Habitat quality assessment plays a crucial role in the study of biodiversity and its conservation9. Although a large number of existing studies have revealed the influences of urban expansion on natural habitats, how to conserve high-quality habitat in the context of rapid urbanization is an important question44. In order to promote the environmental quality in Shanghai, ensure the integrity and stability of ecosystem and curb the declining trend of habitat quality, this paper proposed distinguished conservation objects and measures in different zones based on the habitat quality patterns and its spatiotemporal variations between 2000 and 2017. The ecological restoration area characterized by damaged habitats needs to be preserved and restored by means of ecological engineering. For symbiotic utilization area, optimizing the spatial layout of urban blue and green spaces should be emphasized. For strict protection area with high-quality habitats, destructive human activities should be constrained, and the original single conservation mode should be broken through establishing a natural habitat protection system suitable for urbanized areas.

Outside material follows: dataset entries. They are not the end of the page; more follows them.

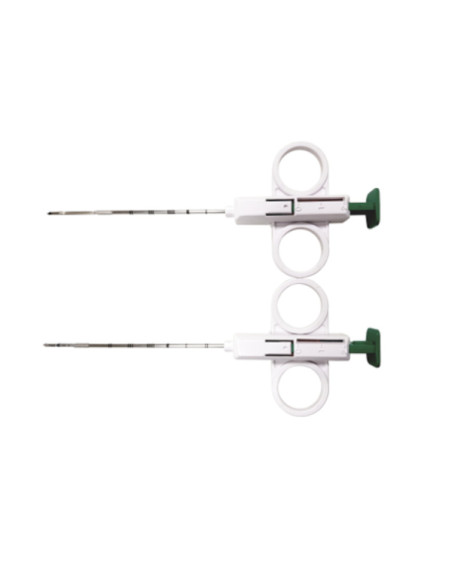 Supercore semi-automatic gun with coaxial biopsy device-S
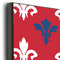 Patriotic Fleur de Lis 16x20 Wood Print - Closeup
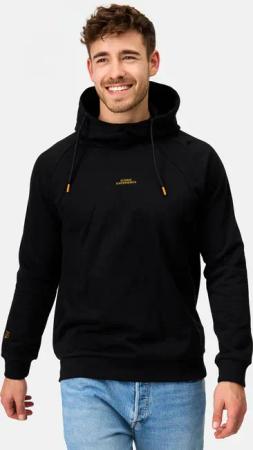 Indicode Kapuzenpullover INVir mit kurzem Schalkragen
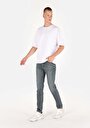 thumb-Afficher les détails de 044 Karl Pantalon Bleu Foncé Straight Leg Low Rise En  Straight Fit Homme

The strict protection areas and zonal protection schemes were generally consistent with the identification of regional biodiversity hotspots and biodiversity conservation measures reported by other studies38,45,46,47,48.

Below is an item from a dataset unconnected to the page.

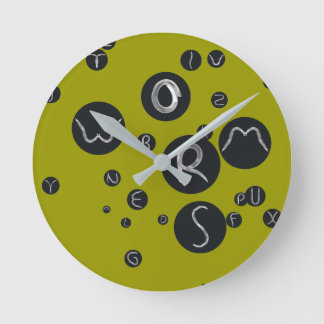 alphabet3 round clock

We also admitted to the limitation of data in this study, which derived from the remote sensing data ranging from 2000 to 2017. However, the urbanization rate in Shanghai has reached 89% since 2010, the highly matured urbanization level resulted in relatively slow land change. So the future study should use the remote sensing in latest year to identify more specific habitat conservation zones for ecological protection and sustainable governance. Furthermore, It must be addressed that the InVEST model still has some limitations in habitat quality assessment11,49. Firstly, the model indicators in this study were set with references to the model guidance manual and similar literature, which gives a subjective tendency in the study. Further empirical research on more precise indicators is needed to improve the accuracy of habitat quality assessment. Secondly, the spatial resolution of imagery affects the accuracy of land cover classification and vegetation coverage. This study selected 30 m × 30 m resolution data to derive habitat quality, so the scale-effect of remote sensing imagery in spatial dimension should be attached more importance in future research. Thirdly, various elements aggregation in urbanization often results in regional variations in habitat quality, especially clusters of socio-economic factors that have a significant impact on the spatial heterogeneity of habitat quality18. This study mainly adapted land cover to reflect human activity, so the future study should consider inputting more representative socio-economic factors for complex systematic simulation in further model improvements and optimization.

Conclusion

The results showed that the habitat quality in Shanghai was at moderate level, and the HQI presented the lowest or highest levels in most regions, but the areas of medium habitat quality were relative inadequacy. Chongming district had the highest HQI and HPI in Shanghai. From the perspective of long-term scales, the habitat quality in Shanghai showed an obvious decline tendency. The area of medium level of habitat quality decreased significantly, whereas the area proportion of the lowest and highest levels of habitat quality increased significantly. Results revealed both anthropogenic disturbance and ecological conservation effects continued to amplify. In order to efficiently preserve habitat resources in Shanghai, nearly 30% of the total area needs strict ecological protection, which were mainly distributed in the eastern and southern coastal wetlands, Dianshan Lake, the upper stream of the Huangpu River and Chongming District, and about l7% of the total area, mainly distributed in the inner coastal area, should be implemented ecological restoration and sustainable governance.